AI Article Synopsis
- Despite extensive research, the atomic-scale structure of active sites in Ziegler-Natta catalysts, crucial for the chemical industry, remains unclear.
- This study reveals the structure of dormant active sites using magnetic resonance techniques, specifically EPR and NMR, and correlates them with polymerization activity.
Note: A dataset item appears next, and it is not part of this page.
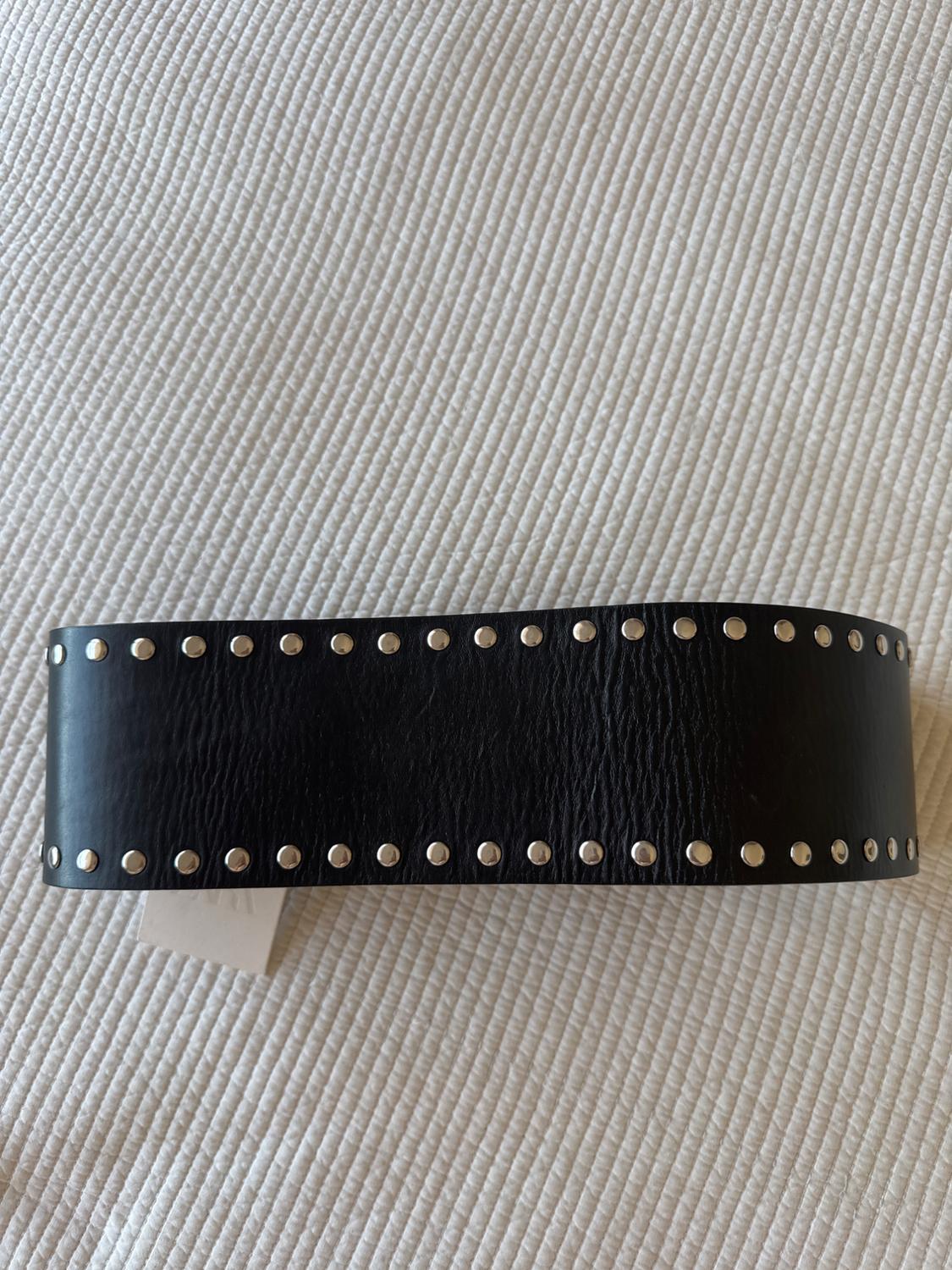 100% LEATHER CUMMERBUND BELT WITH STUDS - Image 2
- The findings suggest an ethylene polymerization mechanism involving bimetallic alkyl-Ti(III),Al species, linking spectroscopic data to the active species formed during ethylene presence through DFT calculations.
Article Abstract
Despite decades of extensive studies, the atomic-scale structure of the active sites in heterogeneous Ziegler-Natta (ZN) catalysts, one of the most important processes of the chemical industry, remains elusive and a matter of debate. In the present work, the structure of active sites of ZN catalysts in the absence of ethylene, referred to as dormant active sites, is elucidated from magnetic resonance experiments carried out on samples reacted with increasing amounts of BCl so as to enhance the concentration of active sites and observe clear spectroscopic signatures. Using electron paramagnetic resonance (EPR) and NMR spectroscopies, in particular 2D HYSCORE experiments complemented by density functional theory (DFT) calculations, we show that the activated ZN catalysts contain bimetallic alkyl-Ti(III),Al species whose amount is directly linked to the polymerization activity of MgCl-supported Ziegler-Natta catalysts. This connects those spectroscopic signatures to the active species formed in the presence of ethylene and enables us to propose an ethylene polymerization mechanism on the observed bimetallic alkyl-Ti(III),Al species based on DFT computations.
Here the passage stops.